*** SUPPLIED MATERIAL ***

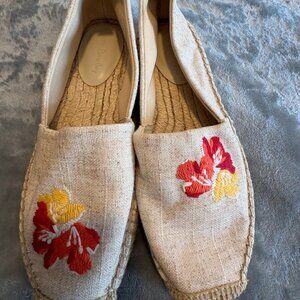 Espadrilles Vera Bradley Embroidered Sz 8 NWOT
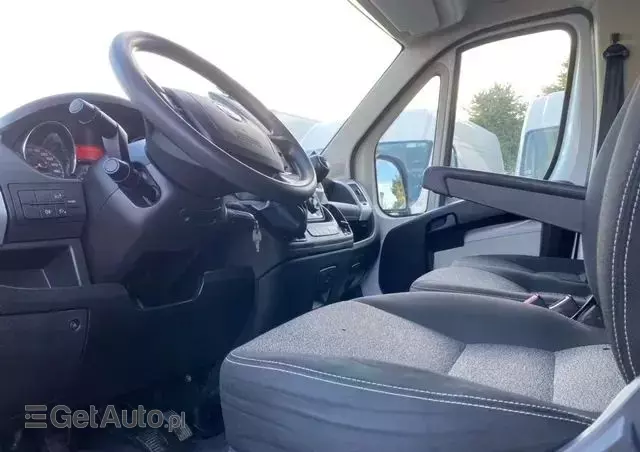 FIAT Ducato kontener z windą 2,3 150 KM klima 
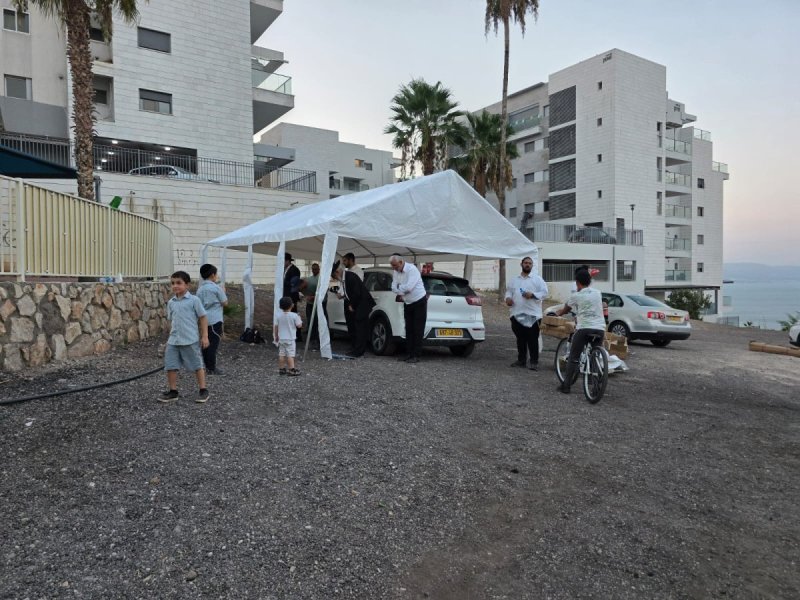 באדיבות המצלם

*** End of SUPPLIED MATERIAL ***

■ WORK TASK ■
In the listing, find the line containing "FIAT Ducato kontener" and repeat it and every later line through the last one, word for word, excluding the pictures.

■ YOUR SOLUTION ■
 FIAT Ducato kontener z windą 2,3 150 KM klima 
 באדיבות המצלם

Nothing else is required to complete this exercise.